### Your task
Exact reproduction of all the data is required, with pictures excluded.

START Supplied data

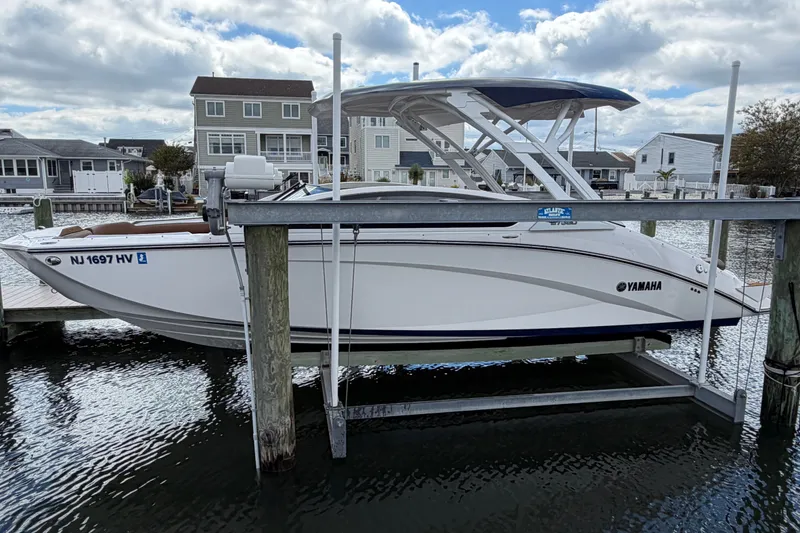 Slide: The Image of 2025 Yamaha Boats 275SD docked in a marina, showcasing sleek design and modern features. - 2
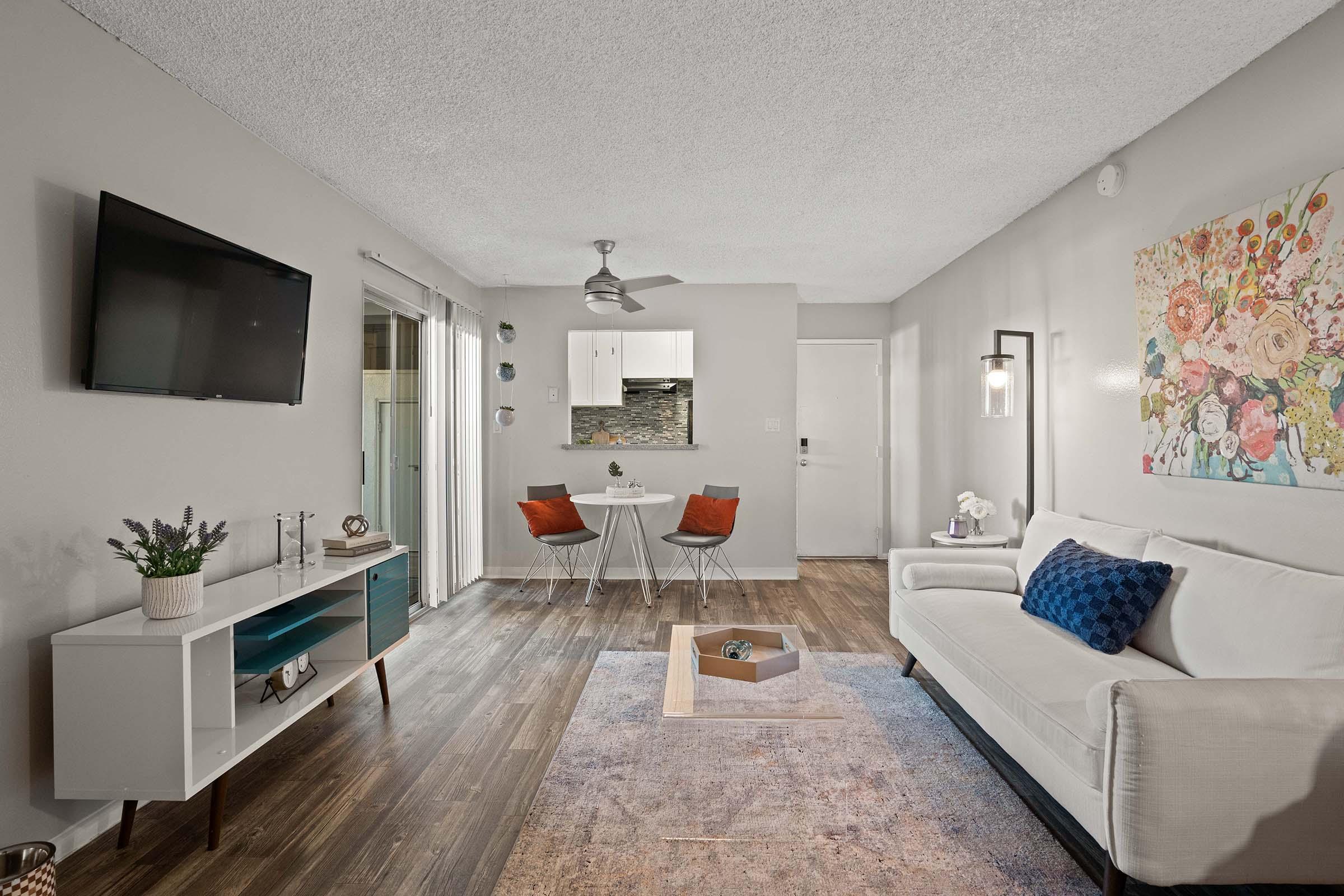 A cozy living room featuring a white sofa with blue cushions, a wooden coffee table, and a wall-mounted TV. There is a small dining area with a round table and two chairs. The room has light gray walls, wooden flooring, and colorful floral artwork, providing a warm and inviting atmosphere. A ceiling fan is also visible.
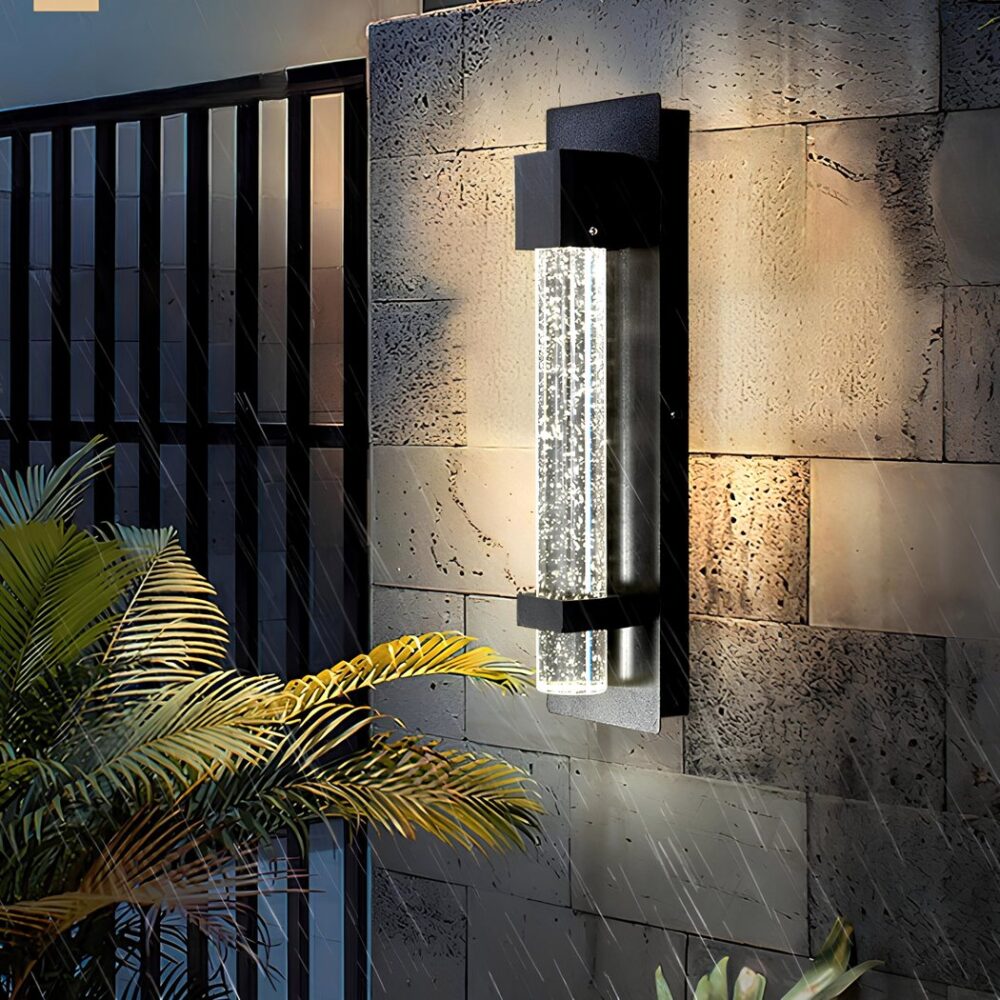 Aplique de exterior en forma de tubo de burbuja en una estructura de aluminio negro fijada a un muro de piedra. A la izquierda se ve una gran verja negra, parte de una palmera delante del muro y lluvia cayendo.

END Supplied data

### Completed task
 Slide: The Image of 2025 Yamaha Boats 275SD docked in a marina, showcasing sleek design and modern features. - 2
 A cozy living room featuring a white sofa with blue cushions, a wooden coffee table, and a wall-mounted TV. There is a small dining area with a round table and two chairs. The room has light gray walls, wooden flooring, and colorful floral artwork, providing a warm and inviting atmosphere. A ceiling fan is also visible.
 Aplique de exterior en forma de tubo de burbuja en una estructura de aluminio negro fijada a un muro de piedra. A la izquierda se ve una gran verja negra, parte de una palmera delante del muro y lluvia cayendo.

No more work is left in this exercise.